_TASK PROMPT_
After finding the line that contains "4K Card Upscale", give again that line and each one following it, exactly, until the records end.

_LISTED ENTRIES_
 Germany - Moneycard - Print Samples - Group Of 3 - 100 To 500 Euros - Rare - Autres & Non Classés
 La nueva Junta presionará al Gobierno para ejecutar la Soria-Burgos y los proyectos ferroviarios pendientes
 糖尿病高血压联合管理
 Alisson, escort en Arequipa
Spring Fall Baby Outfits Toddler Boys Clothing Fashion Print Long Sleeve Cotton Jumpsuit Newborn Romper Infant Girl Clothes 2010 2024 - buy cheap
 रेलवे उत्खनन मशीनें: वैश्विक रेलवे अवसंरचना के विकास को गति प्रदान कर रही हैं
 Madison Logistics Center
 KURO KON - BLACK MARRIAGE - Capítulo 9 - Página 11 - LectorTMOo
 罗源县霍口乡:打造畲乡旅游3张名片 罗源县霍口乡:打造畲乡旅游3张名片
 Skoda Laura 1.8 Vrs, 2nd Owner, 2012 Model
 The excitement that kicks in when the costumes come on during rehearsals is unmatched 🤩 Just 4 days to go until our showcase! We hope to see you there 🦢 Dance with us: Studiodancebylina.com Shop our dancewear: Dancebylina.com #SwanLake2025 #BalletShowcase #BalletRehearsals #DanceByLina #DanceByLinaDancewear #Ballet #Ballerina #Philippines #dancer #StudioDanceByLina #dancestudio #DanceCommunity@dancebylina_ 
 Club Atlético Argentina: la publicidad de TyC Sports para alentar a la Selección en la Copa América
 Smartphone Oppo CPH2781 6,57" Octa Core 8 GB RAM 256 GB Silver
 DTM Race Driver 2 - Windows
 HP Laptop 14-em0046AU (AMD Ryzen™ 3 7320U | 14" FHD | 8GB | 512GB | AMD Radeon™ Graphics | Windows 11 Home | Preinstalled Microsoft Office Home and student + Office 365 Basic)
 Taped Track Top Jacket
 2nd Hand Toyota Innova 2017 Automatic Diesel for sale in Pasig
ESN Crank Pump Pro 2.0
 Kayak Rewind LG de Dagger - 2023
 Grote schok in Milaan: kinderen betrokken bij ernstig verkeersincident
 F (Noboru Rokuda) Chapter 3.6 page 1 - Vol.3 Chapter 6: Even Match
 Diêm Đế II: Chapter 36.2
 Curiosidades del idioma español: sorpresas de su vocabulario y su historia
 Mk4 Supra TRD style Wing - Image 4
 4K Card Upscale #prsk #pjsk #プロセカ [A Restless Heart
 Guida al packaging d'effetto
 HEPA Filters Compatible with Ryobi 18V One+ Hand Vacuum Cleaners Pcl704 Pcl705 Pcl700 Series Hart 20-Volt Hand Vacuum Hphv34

_ANSWER SPACE_
 4K Card Upscale #prsk #pjsk #プロセカ [A Restless Heart
 Guida al packaging d'effetto
 HEPA Filters Compatible with Ryobi 18V One+ Hand Vacuum Cleaners Pcl704 Pcl705 Pcl700 Series Hart 20-Volt Hand Vacuum Hphv34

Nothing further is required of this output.